Por dois meses, esteve aqui o P. Civerra; e ainda está aqui, proporcionando-nos a chance de ir para a Itália. Foi um grande ato de coragem e de amor. Queremos agradecer-lhe. Ajuda assim, sobretudo dos confrades, mas também de voluntários, seria uma grande graça do Senhor. Ousamos esperar e até pedir.

Outra coisa que parece importante é envolver grupos engajados, paróquias, associações, capelas para fazer uma espécie de parceria em vista de pequenos projetos, como a construção de um ambulatório, escavação de poços, construção de pequenas igrejas ou capelas nas várias vilas cristãs, na planície ou na montanha. É um modo de participar ativamente dos vários projetos humanitários. Os muçulmanos em dois anos construíram mil mesquitas.
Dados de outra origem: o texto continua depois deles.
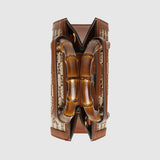 The Serpentine Tote - Python Embossed Leather Shoulder Bag with Crystal Details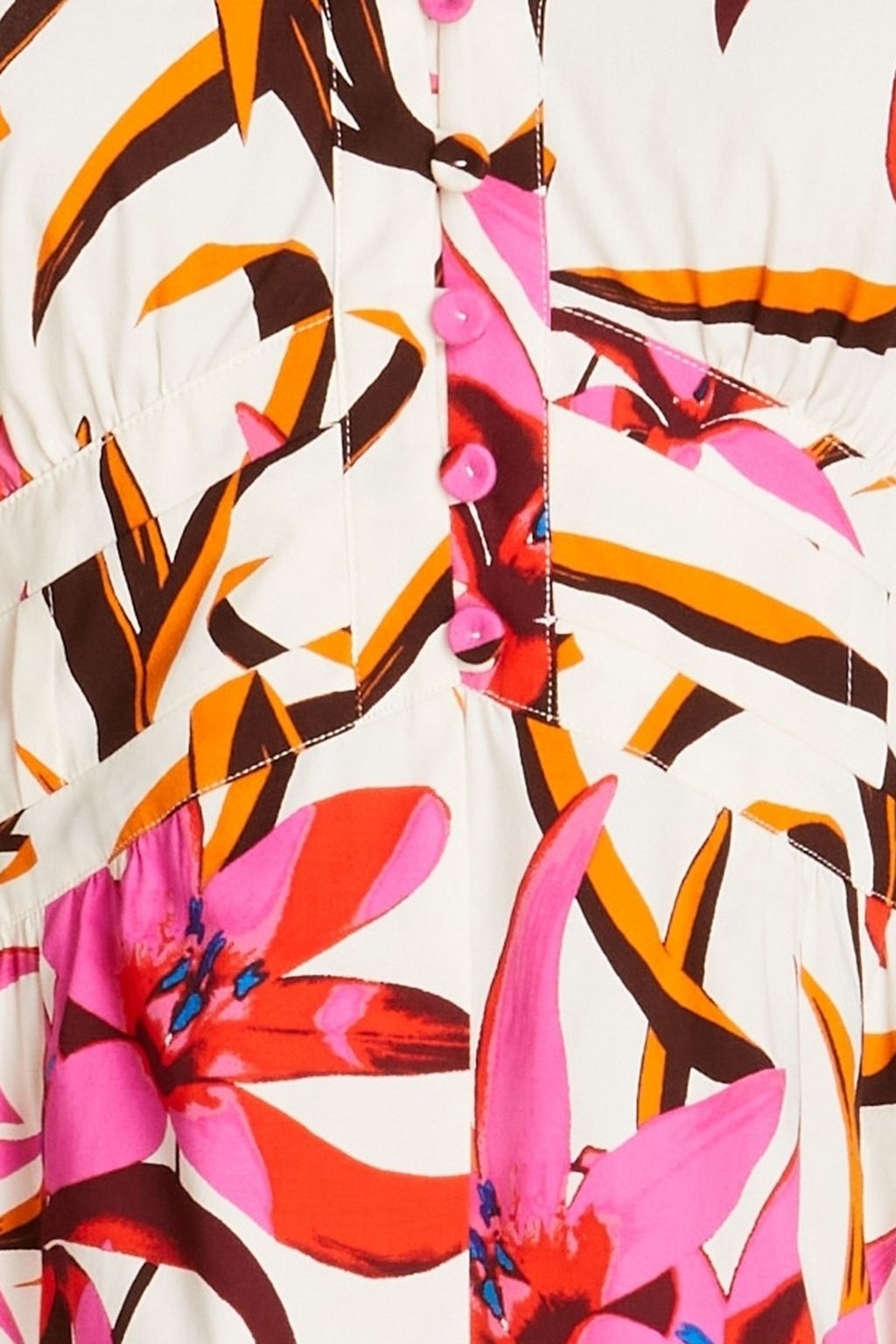 DIANE VON FURSTENBERG Melissa floral-print cotton-blend poplin midi dress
Nós queremos construir alguma capela para formar os cristãos, antes que toda a terra seja queimada.

Conclusão

Queremos continuar sonhando, mas sempre com os pés na terra. Esta é a hora de Deus para a Albânia e o povo espera a salvação, não aquela da fuga da pátria… Devemos fazer agora, enquanto é tempo ainda. Não somos ingênuos; por isso nos perguntamos: o que será do futuro?…. Poderia voltar o passado, tirar-nos tudo e colocar em perigo a nossa vida..? Mas o futuro não está nas mãos de Deus ?

Fortes na fé, firmes na esperança, caminhamos semeando a semente sem saber quem colherá. Estamos dentro de uma história e não podemos ficar indiferentes, iludir ou trair o amor do Senhor e as expectativas dos pobres.